第3話 力が目覚めし時
あれは私が中学生の頃。たぶん中二だろう。きっと中二だろう。
私は家にいて、母親を探していた。部屋にいるかな。そう思い、二階に上がり、廊下の一番奥にある親の部屋へ向かった。
部屋の前に着いた私は、ノックもせずに戸を開けた。
「お母さーん?」
パチンッ。
突然、部屋にあったテレビが、点いた。
「……!?」
部屋に、母親はいない。というか、だれもいない。
テレビのリモコンはテーブルの上。踏んでも、触ってもいない。
固まる私の目の前で、テレビの画面は番組を映し出していた。
「もしかして私、力が目覚めたんじゃ……!?」
当時(おそらく)中二だった私は、とっさにそう思った。
私には電気系を操る力があったのか。無意識に覚醒してしまったのか。となると今後、手にした電化製品がなぜか壊れていくという事態になるのではないか。は、早くこの力を使いこなさなければ……!

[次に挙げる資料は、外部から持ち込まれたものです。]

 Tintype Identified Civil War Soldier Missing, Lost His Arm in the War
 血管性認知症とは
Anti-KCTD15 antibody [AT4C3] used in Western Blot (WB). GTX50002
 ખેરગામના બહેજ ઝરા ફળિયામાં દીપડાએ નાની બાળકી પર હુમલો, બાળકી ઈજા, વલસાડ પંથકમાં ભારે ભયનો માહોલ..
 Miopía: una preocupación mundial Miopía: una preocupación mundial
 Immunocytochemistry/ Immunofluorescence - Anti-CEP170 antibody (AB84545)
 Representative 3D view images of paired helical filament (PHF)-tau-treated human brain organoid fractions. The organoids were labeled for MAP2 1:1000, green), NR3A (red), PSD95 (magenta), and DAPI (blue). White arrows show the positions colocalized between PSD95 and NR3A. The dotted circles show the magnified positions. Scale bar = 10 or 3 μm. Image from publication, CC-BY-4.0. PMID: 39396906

などと妄想しながら、私はリモコンを使ってテレビを切った。
ちなみにその後、テレビや照明に向かって何度か念じたが、なにも起きなかった。触っただけで電化製品が壊れるようなこともなかった。
おそらく私の力は、あの時がピークだったのだろう。
ただ、ひとつだけ。家のトイレのウォシュレットが、ボタンを押してもまったく反応しなかったり、ウィーンと出てきて水も出さずにウィーンと引っ込んでいくことは何度かあった。たぶん壊れていたんだと思う。

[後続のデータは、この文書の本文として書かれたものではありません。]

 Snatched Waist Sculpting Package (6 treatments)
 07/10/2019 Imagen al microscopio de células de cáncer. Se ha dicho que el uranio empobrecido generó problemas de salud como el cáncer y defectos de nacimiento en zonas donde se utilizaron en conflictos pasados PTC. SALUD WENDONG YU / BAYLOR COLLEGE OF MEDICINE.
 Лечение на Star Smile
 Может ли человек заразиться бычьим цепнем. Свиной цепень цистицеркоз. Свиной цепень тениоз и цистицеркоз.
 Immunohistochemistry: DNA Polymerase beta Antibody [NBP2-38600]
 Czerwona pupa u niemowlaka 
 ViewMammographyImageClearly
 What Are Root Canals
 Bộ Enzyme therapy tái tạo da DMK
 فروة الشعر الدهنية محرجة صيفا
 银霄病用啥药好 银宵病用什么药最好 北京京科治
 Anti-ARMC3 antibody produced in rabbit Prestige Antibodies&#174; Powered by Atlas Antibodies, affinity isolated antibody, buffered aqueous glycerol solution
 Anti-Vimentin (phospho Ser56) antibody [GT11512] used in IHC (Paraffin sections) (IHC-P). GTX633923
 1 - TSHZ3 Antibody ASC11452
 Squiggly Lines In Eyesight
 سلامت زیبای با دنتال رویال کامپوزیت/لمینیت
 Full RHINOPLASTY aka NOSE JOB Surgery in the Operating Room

夜中、だれもトイレにいないのに、ウォシュレットだけウィーンウィーン鳴っていたと、家族の者が言っていたこともある。たぶん壊れていたんだと思う。
ちなみに、勝手に部屋の電気が点いたり消えたりする現象は、機械の故障や、電波の誤受信などが原因らしい。
もしかしたら、心霊的なたぐいのものかもしれないが……。
ほんとに、あの力はなんだったんだろう……。